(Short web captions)
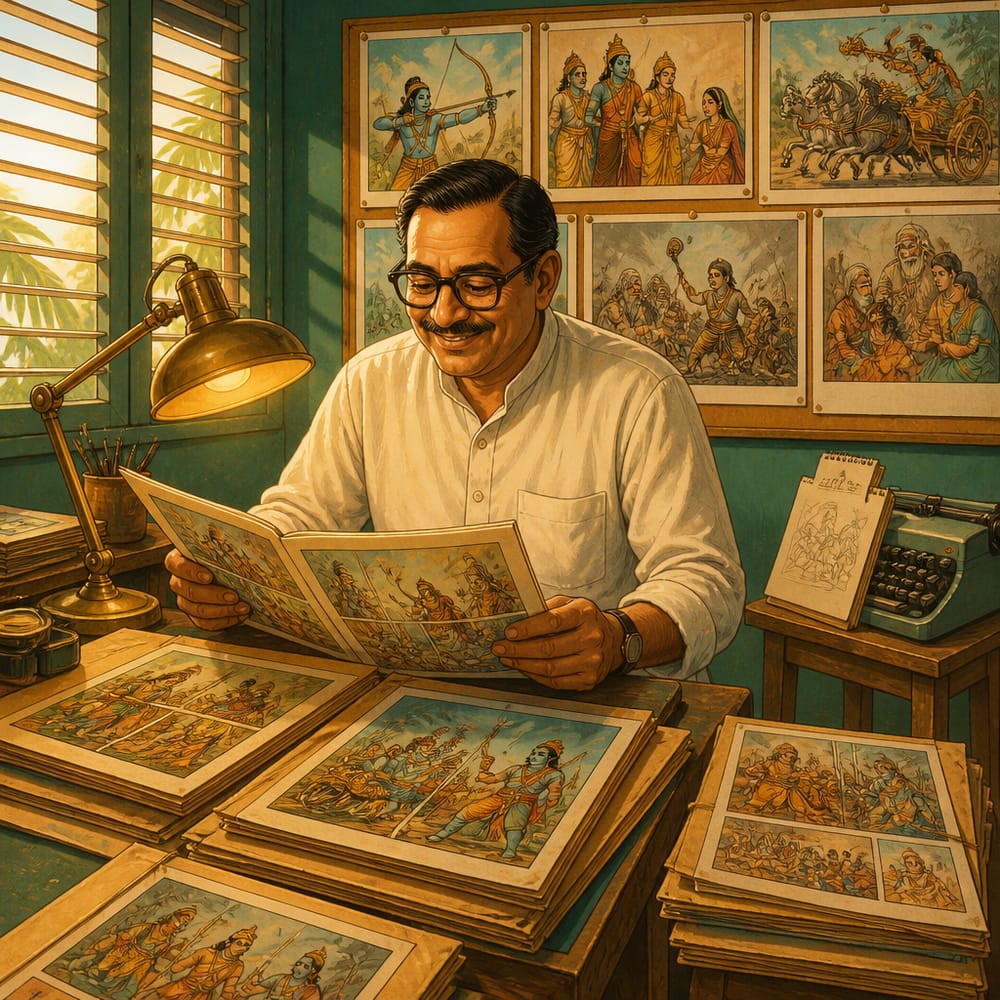 Anant Pai with early Amar Chitra Katha comics in 1960s Bombay editorial office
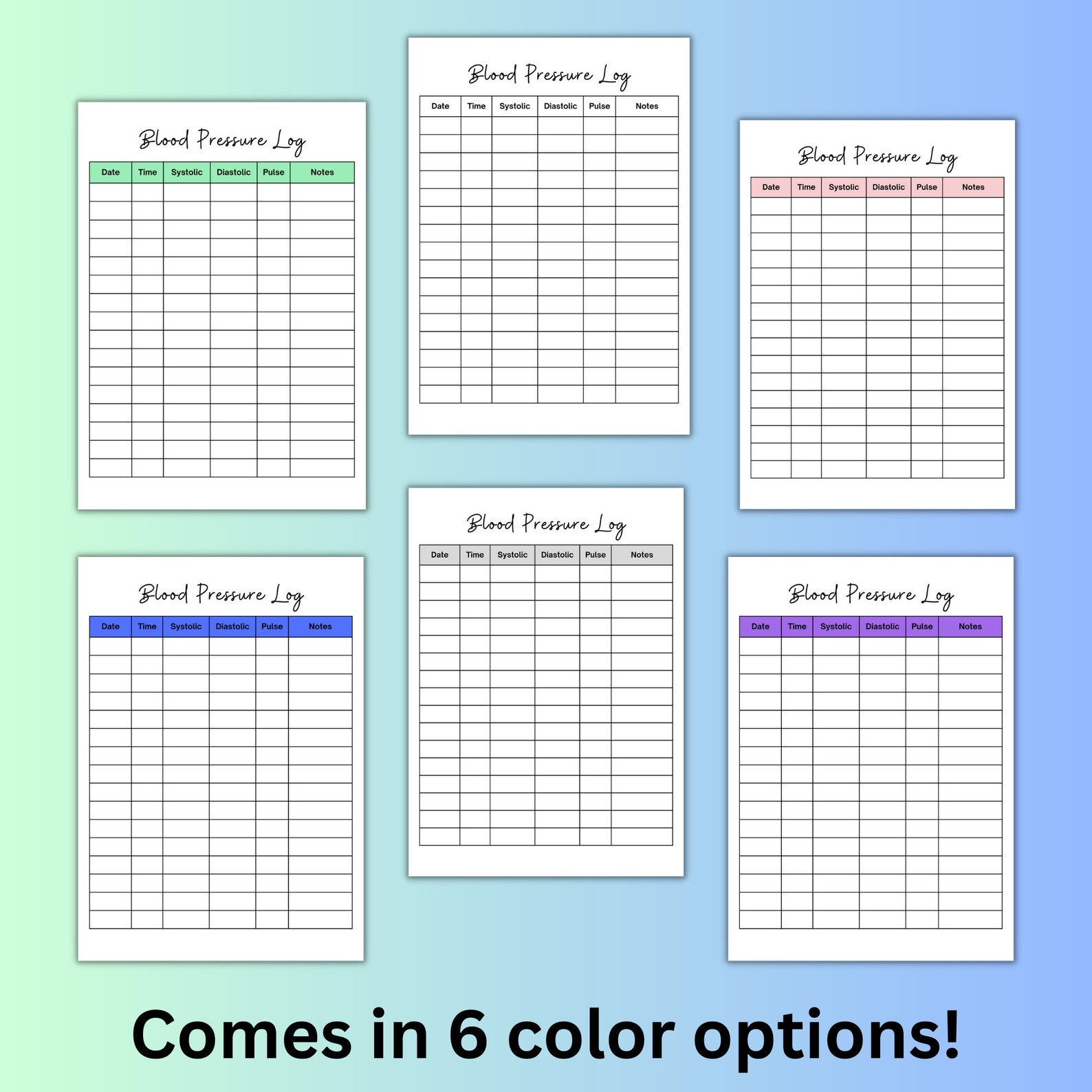 Blood Pressure Tracker Printable Blood Pressure Log Health Tracking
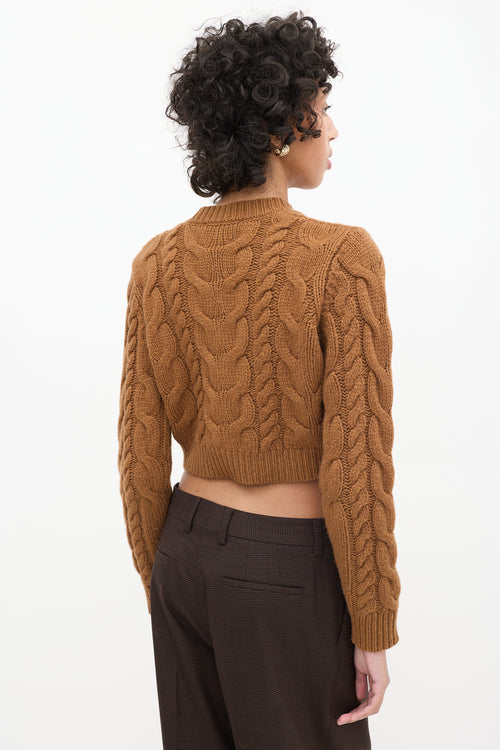 Frame Brown Wool Cable Knit Cropped Cardigan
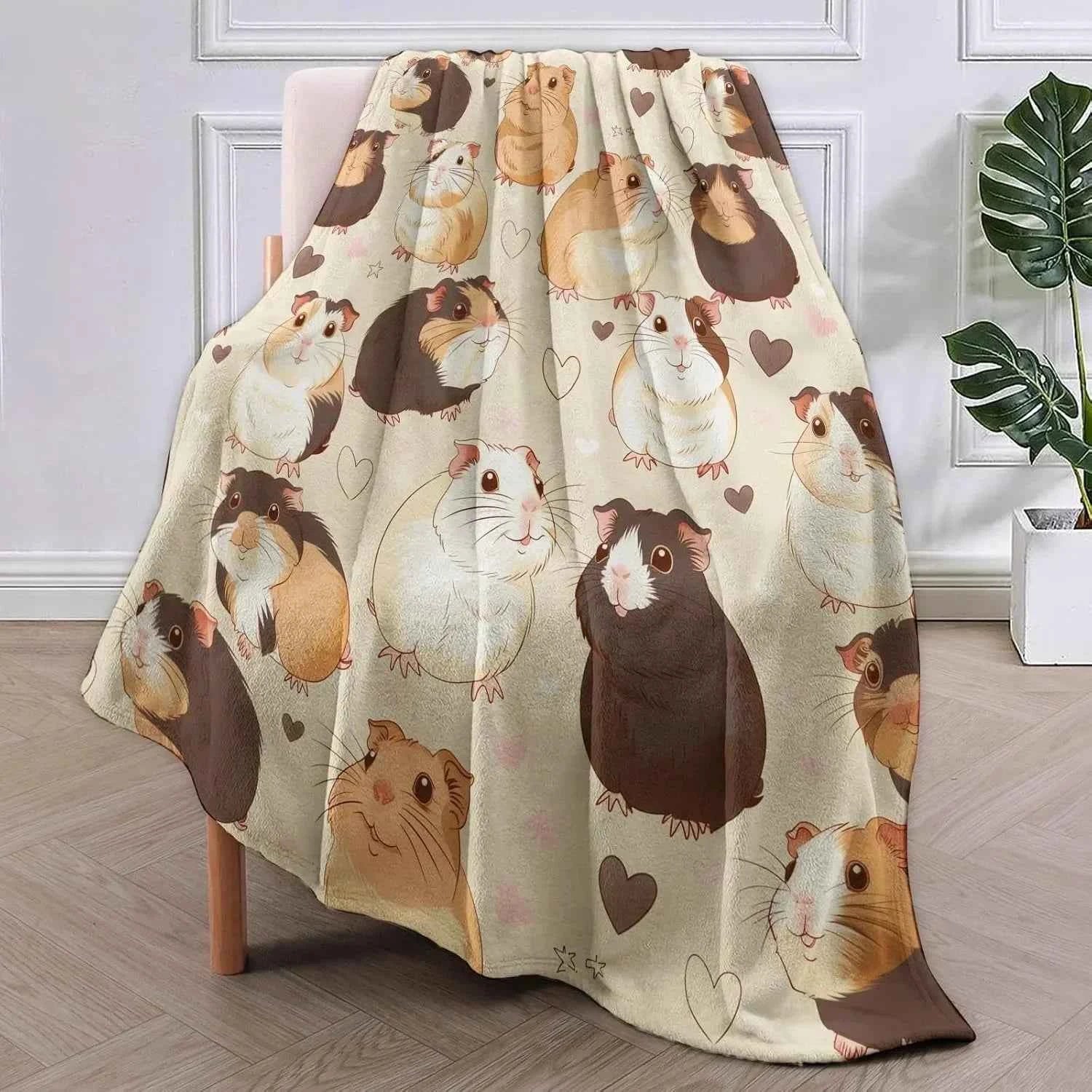 Lovely Guinea Pig Pattern Soft Throw Blanket – Perfect for Animal Lovers, Friends, Couch, Bed, Car, Home, Camping, All-Season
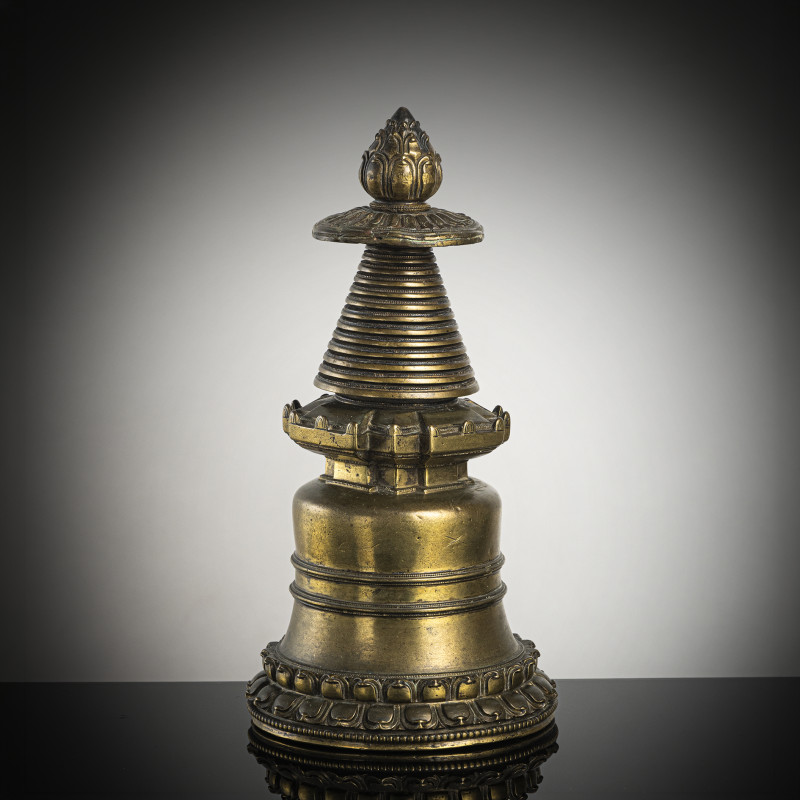 A BRONZE STUPA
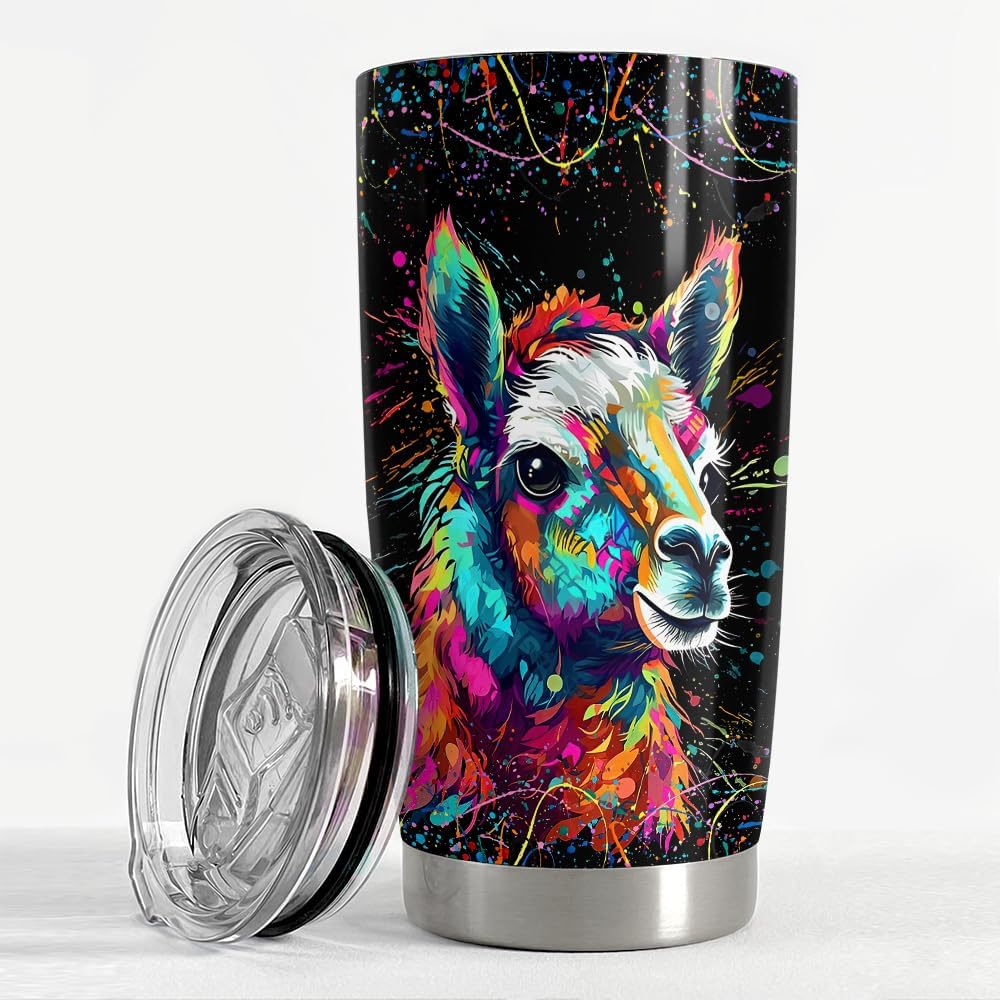 SANDJEST Vaso de llama de 20 onzas, regalos de llama para mujeres, niñas, adolescentes, vasos aislados de acero inoxidable, taza de viaje para café,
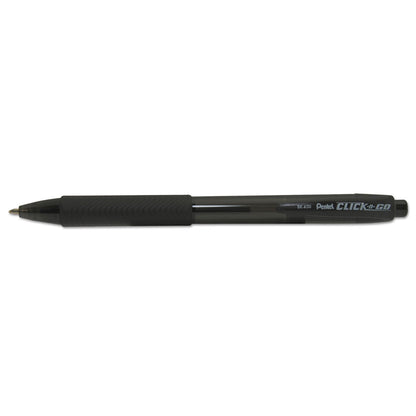 Pentel - Pentel Kachiri Retractable Ballpont Pen 1.0mm Tip 0.5mm Line Black (Pack 12) - BK450A-A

▸ What is required
Transcribe, word for word, the line holding "Blood Pressure Tracker" and all lines after it in the entries above, ending with the last. Only those lines; no pictures.

▸ Response for this exercise
 Blood Pressure Tracker Printable Blood Pressure Log Health Tracking
 Frame Brown Wool Cable Knit Cropped Cardigan
 Lovely Guinea Pig Pattern Soft Throw Blanket – Perfect for Animal Lovers, Friends, Couch, Bed, Car, Home, Camping, All-Season
 A BRONZE STUPA
 SANDJEST Vaso de llama de 20 onzas, regalos de llama para mujeres, niñas, adolescentes, vasos aislados de acero inoxidable, taza de viaje para café,
 Pentel - Pentel Kachiri Retractable Ballpont Pen 1.0mm Tip 0.5mm Line Black (Pack 12) - BK450A-A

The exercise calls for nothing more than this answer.